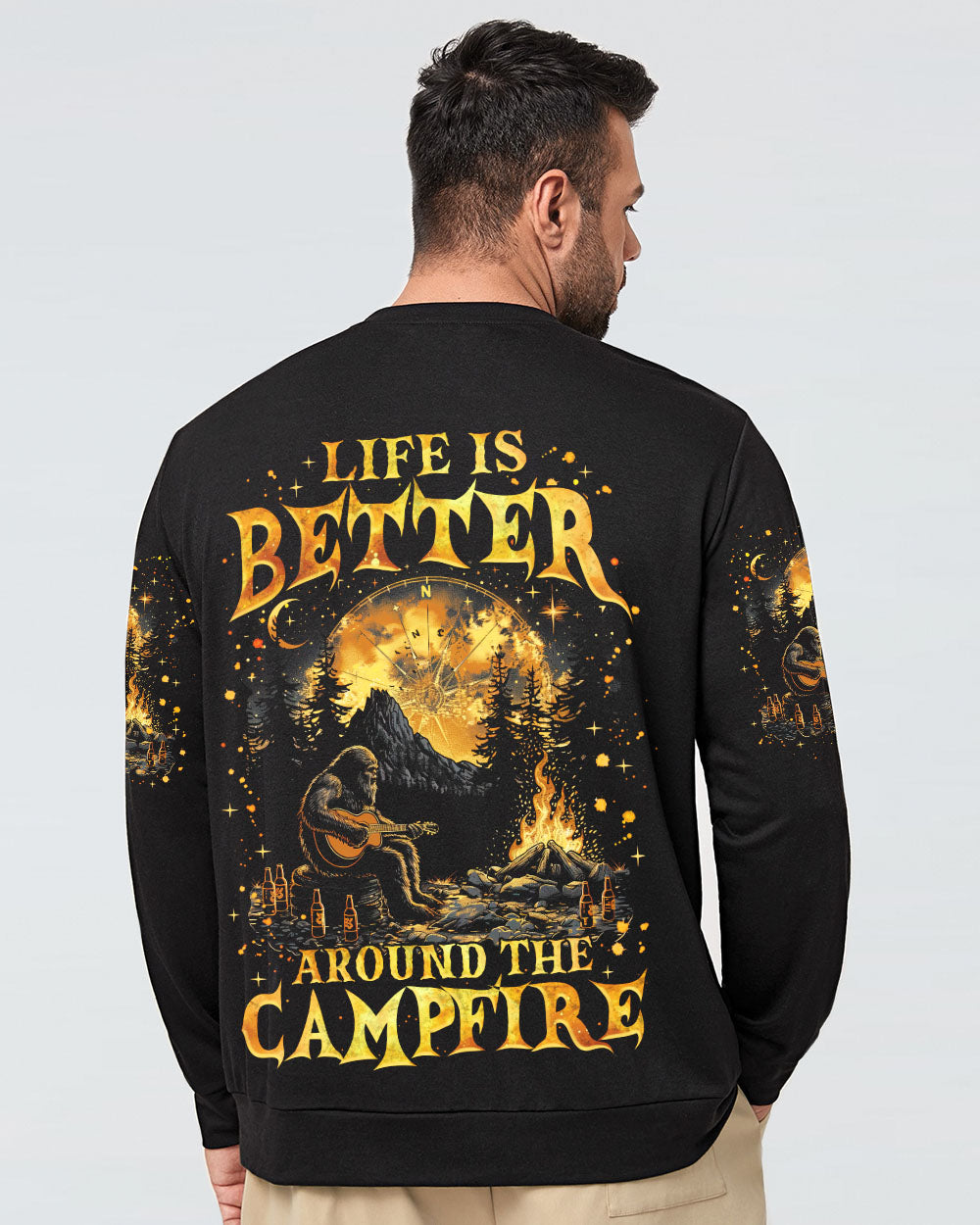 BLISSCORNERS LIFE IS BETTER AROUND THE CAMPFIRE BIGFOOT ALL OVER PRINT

==

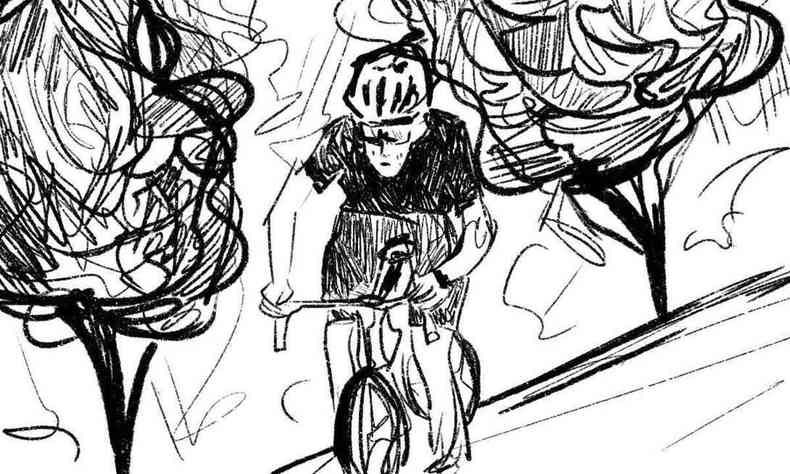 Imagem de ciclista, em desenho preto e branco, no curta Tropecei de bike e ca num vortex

==

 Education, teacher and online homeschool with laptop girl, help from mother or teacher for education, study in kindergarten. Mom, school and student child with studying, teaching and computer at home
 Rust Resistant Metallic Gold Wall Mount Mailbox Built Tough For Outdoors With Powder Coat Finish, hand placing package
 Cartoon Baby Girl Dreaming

* _Your instructions_
Above are the records; from them, give again exactly the lines from the one containing "Rust Resistant Metallic" to the one containing "Cartoon Baby Girl Dreaming", both lines included, and nothing more.

* _Answer for the task_
 Rust Resistant Metallic Gold Wall Mount Mailbox Built Tough For Outdoors With Powder Coat Finish, hand placing package
 Cartoon Baby Girl Dreaming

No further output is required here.